Assignment:
With the pictures left out, every record must be reproduced exactly.

Source material START

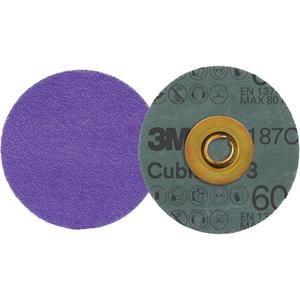 Cubitron™ 3 Roloc™ Fibre Disc - 3", TSM, 60+, Ceramic, Resin, Purple, 1825 Days, Blending Corners, Stock Removal, Weld Removal, Metal Stock Removal, Weld Grinding, Surface Finishing, Blending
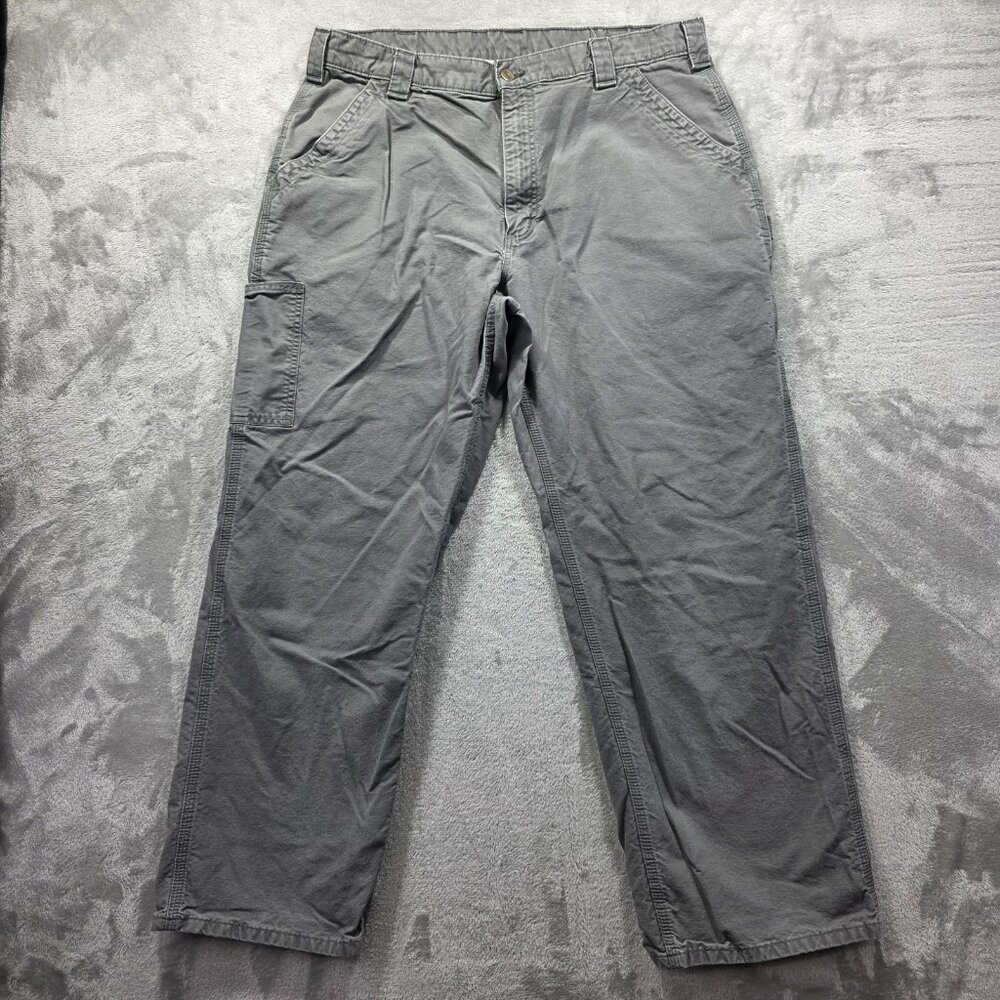 Carhartt Pants Mens 36x30 Gray Carpenter Utility Workwear Straight Leg Twill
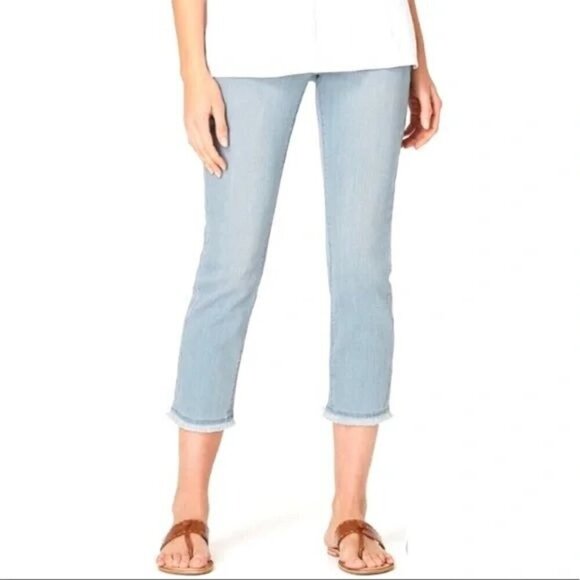 J. Jill Authentic Fit Cropped Stretch Straight Leg Light Denim Raw Hem Jeans - Picture 1 of 10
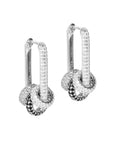 Convertible Hoop Earrings with White Zircon Accents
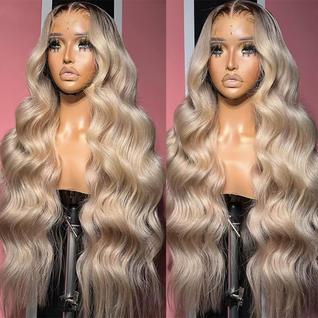Peruca CIYOO Ombre Brown Roots Ash Blonde Human Hair 30"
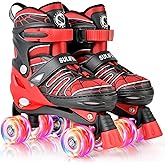 SULIFEEL Adjustable Kids Roller Skates for Boys Ages 3-5 5-8 6-12 with 4 Sizes Adjustable Light up Wheels, Best Children Gift for Beginners Indoor Outdoor Sports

Source material END

Answer to this exercise:
 Cubitron™ 3 Roloc™ Fibre Disc - 3", TSM, 60+, Ceramic, Resin, Purple, 1825 Days, Blending Corners, Stock Removal, Weld Removal, Metal Stock Removal, Weld Grinding, Surface Finishing, Blending
 Carhartt Pants Mens 36x30 Gray Carpenter Utility Workwear Straight Leg Twill
 J. Jill Authentic Fit Cropped Stretch Straight Leg Light Denim Raw Hem Jeans - Picture 1 of 10
 Convertible Hoop Earrings with White Zircon Accents
Peruca CIYOO Ombre Brown Roots Ash Blonde Human Hair 30"
 SULIFEEL Adjustable Kids Roller Skates for Boys Ages 3-5 5-8 6-12 with 4 Sizes Adjustable Light up Wheels, Best Children Gift for Beginners Indoor Outdoor Sports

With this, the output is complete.